Tulisan ini merupakan Kulwapp di Grup WA K’Super Muslim, April 2015
Assalammualaikum Wr.Wb,
Selamat malam ibu-ibu K’Super…terima kasih atas kesempatannya untuk membahas 3 jalur pendidikan. Saya juga masih belajar,
jadi kalau nanti ada yang perlu ditambahkan atau dikoreksi, silakan aja ya….
Saya akan mulai dari UU Pendidikan, biar lebih afdol… bisa dilihat disini http://kemenag.go.id/file/dokumen/UU2003.pdf (UU No. 20 tahun 2003)
ada 3 jalur pendidikan, pendidikan formal, pendidikan nonformal, dan pendidikan informal.
Sepertinya disini juga sudah pada mengerti bahwa pendidikan formal biasanya kaitannya dengan sekolah, pendidikan nonformal berkaitan dengan les-lesan,
dan pendidikan informal berkaitan dengan belajar secara otodidak, atau belajar bersama yang dikelola oleh masyarakat secara bersama, misalnya
les tari atau les ngaji di sebuah lingkungan rumah dengan memanggil guru untuk belajar bareng2.
Pendidikan informal, bisa juga dilakukan dengan cara Live-in, mentoring, dan internship. Live-in maksudnya adalah dimana kita tinggal di rumah seorang ahli
yang kita percaya untuk belajar banyak dari beliau. Mentoring, maksudnya tentu saja menjadikan orang tersebut jadi mentor kita, dan internship adalah bentuk
magang diluar pendidikan formal. Sepertinya contoh yang biasa dilakukan di jepang adalah ketika seseorang ingin menjadi mangaka (penulis komik), lalu
dia mendatangi salah satu komikus yang dia kagumi, dan meminta beliau menjadi mentor. Lalu orang itu pun tinggal bersama (live in), menjadi asisten (internship)
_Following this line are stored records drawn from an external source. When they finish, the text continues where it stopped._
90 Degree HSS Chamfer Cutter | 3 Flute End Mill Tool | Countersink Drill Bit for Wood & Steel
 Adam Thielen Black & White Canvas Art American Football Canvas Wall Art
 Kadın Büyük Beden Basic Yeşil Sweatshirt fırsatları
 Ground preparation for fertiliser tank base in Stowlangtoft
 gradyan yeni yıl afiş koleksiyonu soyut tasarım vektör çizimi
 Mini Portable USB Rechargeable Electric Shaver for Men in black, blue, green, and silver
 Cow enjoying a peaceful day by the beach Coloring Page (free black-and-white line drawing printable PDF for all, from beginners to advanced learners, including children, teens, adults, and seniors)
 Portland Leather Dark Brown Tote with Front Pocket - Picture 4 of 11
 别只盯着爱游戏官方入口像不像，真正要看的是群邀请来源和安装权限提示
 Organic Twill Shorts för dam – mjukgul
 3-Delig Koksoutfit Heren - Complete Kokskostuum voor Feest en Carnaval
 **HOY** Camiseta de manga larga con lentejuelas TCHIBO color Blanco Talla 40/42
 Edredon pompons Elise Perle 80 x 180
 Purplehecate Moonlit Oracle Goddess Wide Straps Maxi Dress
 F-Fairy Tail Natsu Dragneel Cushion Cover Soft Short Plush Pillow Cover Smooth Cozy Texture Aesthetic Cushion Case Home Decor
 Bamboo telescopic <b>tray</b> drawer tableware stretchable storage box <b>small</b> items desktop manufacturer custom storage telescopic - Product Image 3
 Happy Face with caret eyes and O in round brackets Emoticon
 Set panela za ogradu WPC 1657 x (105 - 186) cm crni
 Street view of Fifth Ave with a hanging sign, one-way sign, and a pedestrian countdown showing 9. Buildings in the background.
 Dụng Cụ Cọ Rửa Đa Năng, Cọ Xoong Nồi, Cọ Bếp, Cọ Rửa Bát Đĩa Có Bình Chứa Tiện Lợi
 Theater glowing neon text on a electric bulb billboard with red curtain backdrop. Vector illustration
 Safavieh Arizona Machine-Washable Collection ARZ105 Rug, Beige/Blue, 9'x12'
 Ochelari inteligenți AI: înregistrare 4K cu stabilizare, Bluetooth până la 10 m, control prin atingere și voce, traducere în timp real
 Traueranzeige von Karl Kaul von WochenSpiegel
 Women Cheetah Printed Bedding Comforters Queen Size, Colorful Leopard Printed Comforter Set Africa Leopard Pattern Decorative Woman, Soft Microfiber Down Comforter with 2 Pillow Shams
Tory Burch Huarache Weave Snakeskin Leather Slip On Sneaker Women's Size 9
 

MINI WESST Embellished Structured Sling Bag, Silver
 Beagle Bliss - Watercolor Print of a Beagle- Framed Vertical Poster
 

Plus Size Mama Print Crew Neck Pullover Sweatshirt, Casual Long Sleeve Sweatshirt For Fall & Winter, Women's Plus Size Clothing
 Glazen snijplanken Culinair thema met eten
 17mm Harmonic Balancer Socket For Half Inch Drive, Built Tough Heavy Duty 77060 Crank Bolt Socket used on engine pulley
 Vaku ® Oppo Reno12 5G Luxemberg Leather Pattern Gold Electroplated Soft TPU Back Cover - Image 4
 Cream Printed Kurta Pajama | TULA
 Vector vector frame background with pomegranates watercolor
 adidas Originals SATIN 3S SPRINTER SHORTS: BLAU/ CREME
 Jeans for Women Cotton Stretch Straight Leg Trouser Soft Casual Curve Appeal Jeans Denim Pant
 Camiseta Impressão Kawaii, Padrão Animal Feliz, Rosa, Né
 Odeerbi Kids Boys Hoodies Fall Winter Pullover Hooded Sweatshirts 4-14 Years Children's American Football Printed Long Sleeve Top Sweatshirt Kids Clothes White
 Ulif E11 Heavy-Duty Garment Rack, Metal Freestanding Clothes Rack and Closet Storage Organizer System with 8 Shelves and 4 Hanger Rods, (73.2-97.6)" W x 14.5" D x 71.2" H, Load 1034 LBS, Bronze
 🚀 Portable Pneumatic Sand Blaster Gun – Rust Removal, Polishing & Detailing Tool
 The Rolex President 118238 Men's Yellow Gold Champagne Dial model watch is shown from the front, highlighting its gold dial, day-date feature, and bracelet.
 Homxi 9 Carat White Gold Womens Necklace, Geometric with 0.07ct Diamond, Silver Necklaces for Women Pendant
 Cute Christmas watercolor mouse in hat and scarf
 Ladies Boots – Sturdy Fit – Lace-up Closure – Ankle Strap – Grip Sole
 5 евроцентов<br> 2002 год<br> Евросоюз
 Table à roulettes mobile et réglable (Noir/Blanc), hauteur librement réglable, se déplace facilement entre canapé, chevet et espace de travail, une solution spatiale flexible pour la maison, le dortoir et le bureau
tanpa dibayar. Sepertinya urusan live-in ini nanti bisa dijelaskan Mba Wulan dengan lebih seksama 🙂
Pendidikan informal, bisa juga didapat dengan cara “hackschooling”. yang dimaksud dengan hackschooling adalah jika ada seseorang yang kuliah “gelap” di sebuah tempat pendidikan tinggi dengan seizin dosennya. Nanti, setelah lulus dari mata kuliah tersebut, mendapatkan referensi dari si dosen kalau orang tersebut pernah mengambil kuliah tersebut, atau bahkan memberikan referensi ke dunia kerja saat si orang tersebut melamar pekerjaan yang berhubungan dengan mata kuliah itu. Hackschooling banyak dilakukan oleh para unschooler, salah satu yang direkomendasikan oleh Steve Jobs (pendiri perusahaan Apple). Saat beliau drop out dari kuliahnya, beliau masih beredar dikampus dan melakukan hackschooling.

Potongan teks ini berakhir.